§ What the task asks
What do the lines from the one containing "Palm Royale Cairns" through the end of the entries say? Quote them exactly, and only them.

§ Material for this exercise
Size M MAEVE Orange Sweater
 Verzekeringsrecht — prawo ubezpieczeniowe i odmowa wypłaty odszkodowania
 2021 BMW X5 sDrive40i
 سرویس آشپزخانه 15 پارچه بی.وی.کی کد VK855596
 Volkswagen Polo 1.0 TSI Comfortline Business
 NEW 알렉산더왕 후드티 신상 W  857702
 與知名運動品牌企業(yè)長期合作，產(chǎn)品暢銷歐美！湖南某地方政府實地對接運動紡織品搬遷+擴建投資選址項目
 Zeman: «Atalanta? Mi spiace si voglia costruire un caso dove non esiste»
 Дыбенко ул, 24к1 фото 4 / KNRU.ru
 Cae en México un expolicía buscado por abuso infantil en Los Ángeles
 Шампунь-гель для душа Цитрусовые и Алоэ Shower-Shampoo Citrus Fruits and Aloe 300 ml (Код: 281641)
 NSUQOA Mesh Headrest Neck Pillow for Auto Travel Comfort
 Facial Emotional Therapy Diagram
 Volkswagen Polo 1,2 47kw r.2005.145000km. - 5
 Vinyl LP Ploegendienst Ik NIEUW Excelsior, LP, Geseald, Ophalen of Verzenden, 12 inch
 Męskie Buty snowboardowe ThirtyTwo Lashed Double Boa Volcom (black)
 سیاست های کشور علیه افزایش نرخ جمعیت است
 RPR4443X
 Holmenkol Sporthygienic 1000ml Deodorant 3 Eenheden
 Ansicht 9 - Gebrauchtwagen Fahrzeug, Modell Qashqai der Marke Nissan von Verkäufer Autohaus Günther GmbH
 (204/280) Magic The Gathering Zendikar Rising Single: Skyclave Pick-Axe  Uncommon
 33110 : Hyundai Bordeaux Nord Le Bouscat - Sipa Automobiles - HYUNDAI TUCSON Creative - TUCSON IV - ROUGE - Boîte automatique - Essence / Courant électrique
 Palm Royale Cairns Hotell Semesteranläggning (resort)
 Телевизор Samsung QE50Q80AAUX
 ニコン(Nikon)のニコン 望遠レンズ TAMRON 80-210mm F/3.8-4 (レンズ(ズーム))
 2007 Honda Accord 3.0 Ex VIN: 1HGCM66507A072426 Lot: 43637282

§ Written answer
 Palm Royale Cairns Hotell Semesteranläggning (resort)
 Телевизор Samsung QE50Q80AAUX
 ニコン(Nikon)のニコン 望遠レンズ TAMRON 80-210mm F/3.8-4 (レンズ(ズーム))
 2007 Honda Accord 3.0 Ex VIN: 1HGCM66507A072426 Lot: 43637282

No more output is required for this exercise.